I came across this blog post this morning by Mark Barnes, author of ROLE Reversal and a valuable member of my PLN: Teachers still struggle with rules and consequences. I have been running my classes as Results Only Learning Environment (ROLE) after reading Mark’s book and having twitter discussions with him and reading his blogs. Now I don’t consider myself old. I’m 46 and I work with some over 60 year olds who are in better shape and sprier than me so I know I ain’t old. But on some things I’m slow to change, a little stuck in my ways. Maybe that’s why a ROLE classroom is feeling different to me. I thought I would be able to make the few new additions to my teaching to embrace ROLE and all would be fine. All is fine but I’m uncomfortable at times, which I guess could be a good thing. I wrote in an earlier blog post that a workshop setting where students can choose from different activities/assignments and work at their own pace (autonomy) was strange for me.
I’ve been so used to moving all my students along to get to different parts of my curriculum that this has been quite a shift. And I don’t have a set-in-stone curriculum or pace guides. I have full autonomy myself on what I use to help my students learn Science. In 6th grade I do have an STC/MS Science kit, Energy, Machines, and Motion, and in 8th grade I have a FOSS kids, Diversity of Learning, but I use them as needed and depending on the group of students I have. Still it’s weird when I’m trying to get the class to do a lab that some have moved past the concepts of the lab, some are ready for it, some are not quite there yet, and some are nowhere near ready for it. Yet I need to run the lab with the whole class or have an equipment/class-management nightmare. And tests. I don’t tests often but when I have an assessment and some students take it. Then the rest trickle in over weeks, it’s weird. I offered an assessment over a month ago and still haven’t had all students take it. I still plan to go over it and maybe it’s good to go over it as a review. We’ll see. Still feels weird.

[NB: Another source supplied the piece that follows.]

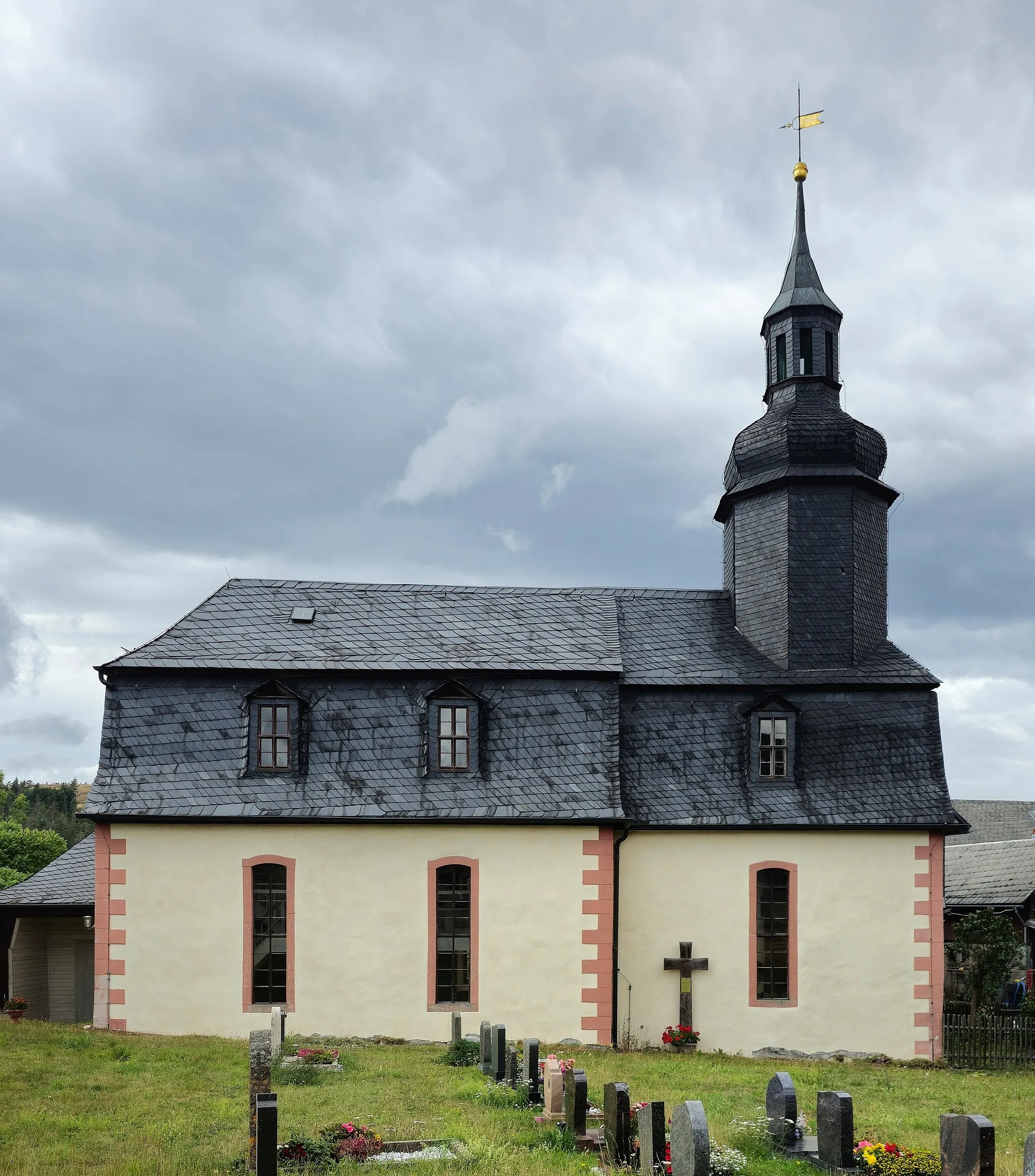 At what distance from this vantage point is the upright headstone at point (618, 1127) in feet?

But Mark’s blog post this morning was on Rules and Consequences. That one is a hard one. Here’ s the comment I left on his blog:
Mark, this is one that I still struggle with. Not because I need to set up rules with kids but because I still do end up giving consequences. I stopped spending the first days of school discussing rules and norms years ago. Kids get enough of that in other classes (maybe if I had one, self-contained class I’d do something different). I start on day one by jumping in to an activity with students. Gives me a good feel for the class. I learned to do that after having students complain on end of the year surveys that I talked too much at the beginning of the year. My incessant talking on day one bothered them all the way to day 180!
Yet still, when behaviors that detract from a safe environment conducive to learning, or behaviors that just aren’t learning focused, occur I talk with the students involved to figure out what to do. I typically use a collaborative problem solving style where I let the student talk and I listen then I ask the student what he or she can do differently to work and learn. I have different activities for them to learn Science and tech is integrated throughout so I have a pretty good handle on that. And yet still I get disruptions to learning, rudeness, and lack of engagement.

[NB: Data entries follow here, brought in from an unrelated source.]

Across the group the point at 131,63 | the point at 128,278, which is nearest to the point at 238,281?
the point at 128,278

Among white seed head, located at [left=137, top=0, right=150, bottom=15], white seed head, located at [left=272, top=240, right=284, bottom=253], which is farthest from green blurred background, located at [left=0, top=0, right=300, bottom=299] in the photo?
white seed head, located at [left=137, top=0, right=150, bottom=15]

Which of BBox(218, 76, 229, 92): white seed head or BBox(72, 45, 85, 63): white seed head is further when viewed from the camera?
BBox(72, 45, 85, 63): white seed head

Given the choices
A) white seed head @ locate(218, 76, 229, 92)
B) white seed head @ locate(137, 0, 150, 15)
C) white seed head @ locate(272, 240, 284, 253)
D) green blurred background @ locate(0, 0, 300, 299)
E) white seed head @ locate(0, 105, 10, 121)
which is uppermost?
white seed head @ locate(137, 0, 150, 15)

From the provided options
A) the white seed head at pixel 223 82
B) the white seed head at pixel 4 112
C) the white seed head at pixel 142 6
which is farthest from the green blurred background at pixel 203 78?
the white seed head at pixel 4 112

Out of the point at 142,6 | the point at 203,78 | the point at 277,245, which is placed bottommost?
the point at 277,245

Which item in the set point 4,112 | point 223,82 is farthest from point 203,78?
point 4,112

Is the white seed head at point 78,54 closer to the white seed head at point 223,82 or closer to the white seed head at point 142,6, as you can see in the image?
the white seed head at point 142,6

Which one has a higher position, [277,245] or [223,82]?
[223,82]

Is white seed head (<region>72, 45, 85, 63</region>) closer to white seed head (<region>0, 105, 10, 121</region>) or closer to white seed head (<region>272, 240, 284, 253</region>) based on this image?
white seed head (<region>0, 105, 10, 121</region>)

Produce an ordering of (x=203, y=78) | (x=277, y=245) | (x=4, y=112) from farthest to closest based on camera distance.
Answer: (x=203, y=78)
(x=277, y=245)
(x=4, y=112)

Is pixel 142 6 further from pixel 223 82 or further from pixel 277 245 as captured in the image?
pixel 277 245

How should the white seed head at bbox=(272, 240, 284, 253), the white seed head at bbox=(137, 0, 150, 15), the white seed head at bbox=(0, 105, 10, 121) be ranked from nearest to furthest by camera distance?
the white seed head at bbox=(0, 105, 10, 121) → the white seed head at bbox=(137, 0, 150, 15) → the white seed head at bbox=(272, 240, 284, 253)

When talking with students and asking them to problem solve doesn’t work I revert to traditional consequences. The rest of the class is looking to me to keep them safe, keep them learning, and provide some sense of fairness in an unfair world. Sure, consequences look different for different kids but it still falls on me to keep the learning happening in my classes. So even though not all kids get similar consequences, depending on their needs and situation, I still dole out the consequences to bring peace to my classes. This year we have a group of 8th graders who do not respond to my or other teacher’s methods. So for a few kids I do use traditional consequences. I send them out of class, I keep records of their behaviors, and I explain to them that I expect improvement and tell them what we need in our classroom for learning to occur. This group is known as the top of the RTI (Response to Intervention) pyramid. That 5 to 10% for which my system, nor any other system, works. So for most of my students I don’t need to dole out consequences. That did need to be said.

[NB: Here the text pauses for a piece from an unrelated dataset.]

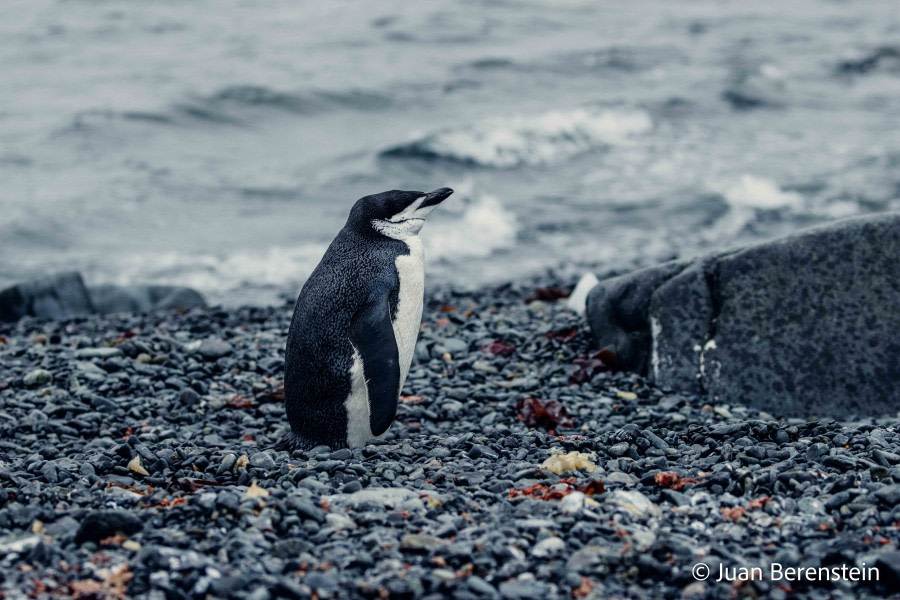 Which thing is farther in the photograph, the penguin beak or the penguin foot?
the penguin beak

I don’t see any ways around this when collaborative problem solving doesn’t work because they either won’t talk, won’t problem solve or won’t stick to their solutions. In the end I will do what works for my class as a whole and sometimes that means that I can’t indulge the needs of those who will not contribute to a healthy class environment.
I will do whatever is needed with each class of students I have before me. Now I don’t think consequences is taboo even though much talk on twitter and on blogs I read make it seem like we’re ineffective teachers if we can’t engage our students or it’s our shortcomings as teachers if our students are bored. I disagree. I will do all I can but in the end it’s up to each individual child to either engage and contribute appropriately to our classroom environment or disrupt. And I understand that given the choice socializing with peers is much more engaging that reading Science or even doing Science. I get it. Sometimes disruptions are based on emotional/mental needs or issues that aren’t met outside of the classroom and this is a safe enough place to release pent up frustrations. I still have to worry about everyone in my room and provide a safe learning environment, physically, emotionally, and mentally. And that’s when I start to give consequences. I keep hearing kids will be kids. So I don’t know if I’ll ever have a classroom free of consequences. Free of rules? Maybe. I think I have that now. All I expect from everyone is respect (for each other and for me – mutually).